On Bastille Day, July 14, thousands of us, including two prominent senators and a former attorney general of Massachusetts, involuntarily occupied Washington's Reagan Airport. It was a summer's hot Friday. All of us were trying to fly back to Boston for the weekend. But the weather and air traffic control's arcane methods were in the way.

The lines to the shuttle counter stretched the entire 200-yard length of the gate area. Longer lines snaked from security machines into the terminal. Tempers were frayed. Passengers screamed at gate agents and each other. No one could give reassurances or provide more than minimal information - information that would have been comfort for the weary or the worried.

It was an air-rage-provoking day, all because of what seemed - minus solid, official information - to be arbitrary determinations in a radar center hundreds of miles from the airport.

There must be a better method to handle incipient air passenger anger, confusion, and simple lack of information. The Federal Aviation Administration's air traffic control could itself inform flyers directly about the problems in the sky. That way, the airlines wouldn't be compelled to invent or imagine reasons.

It took me 25 hours to get airborne for the one-hour flight. My 1:30 p.m. shuttle rolled off the gate an hour late on Friday. But it was summoned back to the gate to deboard - common in this record-breaking season of airline delays, but still vexing when explanations are lacking. That flight and others until 6:30 p.m. were cancelled in a rolling cascade of disappointment.

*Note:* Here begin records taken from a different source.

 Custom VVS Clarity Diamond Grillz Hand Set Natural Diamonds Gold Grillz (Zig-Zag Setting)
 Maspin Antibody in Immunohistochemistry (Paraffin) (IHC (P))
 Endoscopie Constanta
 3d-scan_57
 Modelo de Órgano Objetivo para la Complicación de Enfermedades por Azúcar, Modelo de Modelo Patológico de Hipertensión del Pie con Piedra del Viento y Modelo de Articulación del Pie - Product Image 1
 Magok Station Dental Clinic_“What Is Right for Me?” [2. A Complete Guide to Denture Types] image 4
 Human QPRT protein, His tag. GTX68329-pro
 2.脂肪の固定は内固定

Air traffic control - ATC, as the pilots call it - was calling the shots. The route from Washington to Boston was sunny and clear. But pilots and gate personnel told passengers there was bad weather somewhere on the route. A look at the CNN weather map in the terminal and discussions with several off-duty pilots, suggested that the real weather problem was in the Ohio Valley. That meant an overload of planes in the Eastern corridor and overtaxed air traffic control. We were being protected - or inconvenienced - by the ATC for the southern Eastern Coast, in Jacksonville, Fla. The problem in this case was not with the airlines. The pilots wearily explained to their passengers that they had to radio air traffic headquarters every half hour to obtain a slot for takeoff. Information from ATC itself, even via pilots, was sparse and uninformative - no explanations, only guesses by the pilots.

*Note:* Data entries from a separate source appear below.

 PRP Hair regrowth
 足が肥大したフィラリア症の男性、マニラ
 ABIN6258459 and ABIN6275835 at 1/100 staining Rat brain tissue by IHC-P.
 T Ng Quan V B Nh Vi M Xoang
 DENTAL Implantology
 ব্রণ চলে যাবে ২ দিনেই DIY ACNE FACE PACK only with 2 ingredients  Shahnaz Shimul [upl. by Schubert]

When hundreds of us scrambled onto the 6:30 and 8:30 p.m. shuttles at about 8 p.m. on Friday, there was some hope. ATC at first gave both planes take-off slots at 11 p.m. or later, forgetting that a noise curfew shuts Reagan Airport at 10 p.m. When the airline finally negotiated earlier takeoff slots, we confidently taxied to the runway. It was 9 p.m. when both aircraft reached the takeoff end of the runway. Then we sat again, waiting for renewed clearance, until 10 p.m. when the pilots took us back to the gate and we all disembarked, sought solace on the terminal floor, or found hotels and friends, and jockeyed for confirmed seats on next-day flights. I was fortunate, taking off about noon on Saturday for an uneventful flight to Boston.

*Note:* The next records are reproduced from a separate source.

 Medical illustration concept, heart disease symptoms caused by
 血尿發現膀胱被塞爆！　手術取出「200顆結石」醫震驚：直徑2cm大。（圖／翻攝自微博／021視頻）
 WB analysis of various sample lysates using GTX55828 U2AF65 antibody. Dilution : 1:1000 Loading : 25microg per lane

There is a better way to deal with passenger frustration and potential air passenger rage. The long term, toughest fixes to overcrowded air corridors will come when ATC and control tower computer systems are finally modernized after decades of failed attempts. That will enable overtaxed air controllers to do their critical jobs with greater assurance of safety margins.

In the short term, greater transparency can help. It would certainly give passengers confidence, as well as real information. If each ATC center designated a spokesman, it would not take more than modest technological marvels for such an authoritative voice to broadcast directly into air terminals and aircraft cabins. Instead of pilots or harried gate personnel being compelled imperfectly and skeptically to translate ATC views and thoughts to annoyed passengers, let ATC do it directly. That way, potential air-passenger rage could be reduced while all of us wait for the FAA to bring the guidance of air traffic into the modern age.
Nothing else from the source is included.